What students learn in the classroom is one thing. Meeting a person in the field is another.
When these two meet, it can seal a connection between students and passions permanently.
Screenwriter Meghan Ferrell Burke met with Coppell High School English teacher Matthew Bowden’s seventh period creative writing class virtually via Google Meet on April 13 to explain her experience with writing and answer questions.
Burke started by narrating her childhood, where she moved around frequently, with family in the military, and involved herself early in screenwriting at the New York Film Academy, later entering the Marine Corps.
“We got to shoot on 16 millimeter film on the backlots at Universal Studios, and it was wonderful,” Burke said. “That was my first taste of really what I wanted to do with my life. It was not until I was a junior in high school when I did Junior Reserve Officers Training Corps. I was a junior in high school when 9/11 happened and I told my parents that I wanted to be a marine.”
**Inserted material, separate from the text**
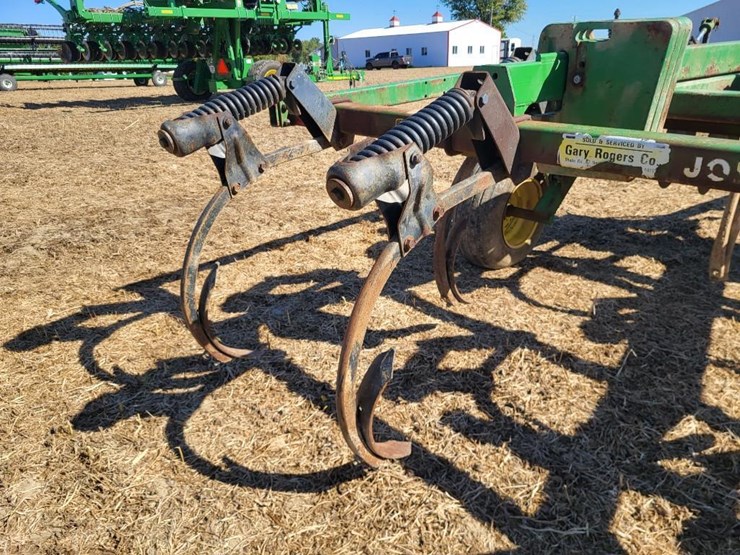 john-deere-714-image-21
While there, she met CHS special education teacher and lieutenant colonel Esther Gomez Splawn.
“I got in touch with Mrs. Burke through Esther Gomez Splawn,” Bowden said. “Something came up and I said ‘My kids are just about to start screenwriting.’ She said she was one of the writers on that show and she was like ‘I will put you in touch with her.’”
Using her skills for screenwriting and her experience in the Marine Corps, she worked on various shows related to the area.
“I started working on a show called Manhattan that was about the Manhattan Project in World War II,” Burke said. “Then I wrote on a show called ‘Outlander’ on Starz. After that I have been working on a show on Netflix that just came out called ‘Boots.”
Students asked questions regarding her experiences and received advice on storywriting processes.
“I have heard a really good analogy about getting into Hollywood,” Burke said. “It is like ‘How did you rob the bank?’ I can tell you how I robbed the bank, but it doesn’t necessarily mean that it is going to be a successful way for you to rob the bank.”
Advice provided helped students understand what they learned in class and how it could apply to their future.
“Because we are a creative writing class, it was very easy to connect with her,” junior Mariana Yamouni said. “It is really helpful to see someone who has made it and that they enjoy what they are doing.”
Burke’s detailed descriptions of inspirations and challenges provided insight to the students who love writing.
“It is one thing to read Stephen King’s works, but to have Stephen King here and telling them about the process would be incredible,” Bowden said. “Students meet Mrs. Burke and they see that you can really do this for a living and know this is real and not a pie in the sky dream.”